Leaf litter doesn’t need to be composted to be absorbed and to be a beneficial ingredient to your flower beds and vegetable gardens.

  • Leave an opening for your crop to sprout and spread leaves all over the rest of your plant beds. You can pile the leaves up to four inches deep to make a cozy 
  • For a winter blanket to protect plant roots, add about a four-inch pile. 
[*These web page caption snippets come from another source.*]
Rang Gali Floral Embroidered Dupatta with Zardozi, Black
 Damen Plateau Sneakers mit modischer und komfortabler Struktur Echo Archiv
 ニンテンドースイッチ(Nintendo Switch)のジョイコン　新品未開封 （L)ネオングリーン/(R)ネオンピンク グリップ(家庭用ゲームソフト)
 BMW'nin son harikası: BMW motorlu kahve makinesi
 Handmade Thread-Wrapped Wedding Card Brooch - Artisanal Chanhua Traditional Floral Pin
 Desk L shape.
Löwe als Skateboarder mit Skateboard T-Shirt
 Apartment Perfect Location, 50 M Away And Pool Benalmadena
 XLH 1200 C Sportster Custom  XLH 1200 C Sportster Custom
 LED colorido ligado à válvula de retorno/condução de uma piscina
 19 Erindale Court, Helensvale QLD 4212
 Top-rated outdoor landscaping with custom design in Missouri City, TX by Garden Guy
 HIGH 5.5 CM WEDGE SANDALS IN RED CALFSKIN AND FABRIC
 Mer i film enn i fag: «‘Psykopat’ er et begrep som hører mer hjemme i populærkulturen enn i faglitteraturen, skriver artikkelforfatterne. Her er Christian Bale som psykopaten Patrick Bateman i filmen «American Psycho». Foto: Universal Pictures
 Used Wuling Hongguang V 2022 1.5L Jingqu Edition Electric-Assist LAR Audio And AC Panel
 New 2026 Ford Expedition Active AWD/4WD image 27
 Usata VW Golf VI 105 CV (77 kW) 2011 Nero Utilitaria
TIP: Crush leaves with a lawn mover to make a finer mixture so they won’t blow off garden beds. Or you can water the plants over the cold periods and the leaves will decay.

Mulch For Lawns

If you simply mow over all the fallen leaves on your lawn, you’ll actually be creating a good source of food for your lawn. Give it try, you’ll be happily surprised!

Root Vegetable Storage

  • If you practice storing your root vegetable crops through the winter (such as in a cool basement), dry autumn leaves are great insulation for keeping the produce fresh all season long.
  • The same goes if your root veggies are still in the ground; with proper leaf coverage you can harvest through the winter spell.

Feed Wildlife

Our earth’s pollinators love a good cozy hangout for winter and piles of dead leaves make ideal housing for these critters.

  • Snails, butterflies, bees, moths, snails, spiders, and many other arthropods take cover from the cold and from predators in this debris.
  • A queen bumble bee will burrow about two inches into the ground to hibernate for winter, while she relies on leaf refuse to keep her insulated. 
  • Have you ever seen a butterfly cocoon disguised as a dry leaf? They are quite ingenious in this way and stay protected as they hibernate as well through the winter.

Fall Decorations

The ruby red, fiery oranges, saucy yellows, juicy violets, and earthy browns are all the kaleidoscope of colors your autumn leaves fill. Catch some of these gorgeous gems when at their color peaks and perverse them for home decorating projects during the autumn season.

  • Collect any fallen branches, place them in a large pot or vase and add a strand of mini twinkle lights.
  • Iron individual leaves between sheets of wax paper to seal and protect them. Once frozen in time, you can now do many artsy projects with those leaves -punch holes to hang and make a garland; cut out and drape onto wood branches, or just use fresh colorful leaves spread down a table runner for a seasonal centerpiece.

Summary

Hopefully, you are looking at those piles of autumn leaves in a different light now. Who knew they were such a rich resource of nutrients for us, our soil, our flowers, and our gardens? By using them for composting, soil-enriching, and other nature-enhancing projects, not only are we keeping free quality material out of landfills but we’re also taking part in a sustainable process that helps our entire ecosystem.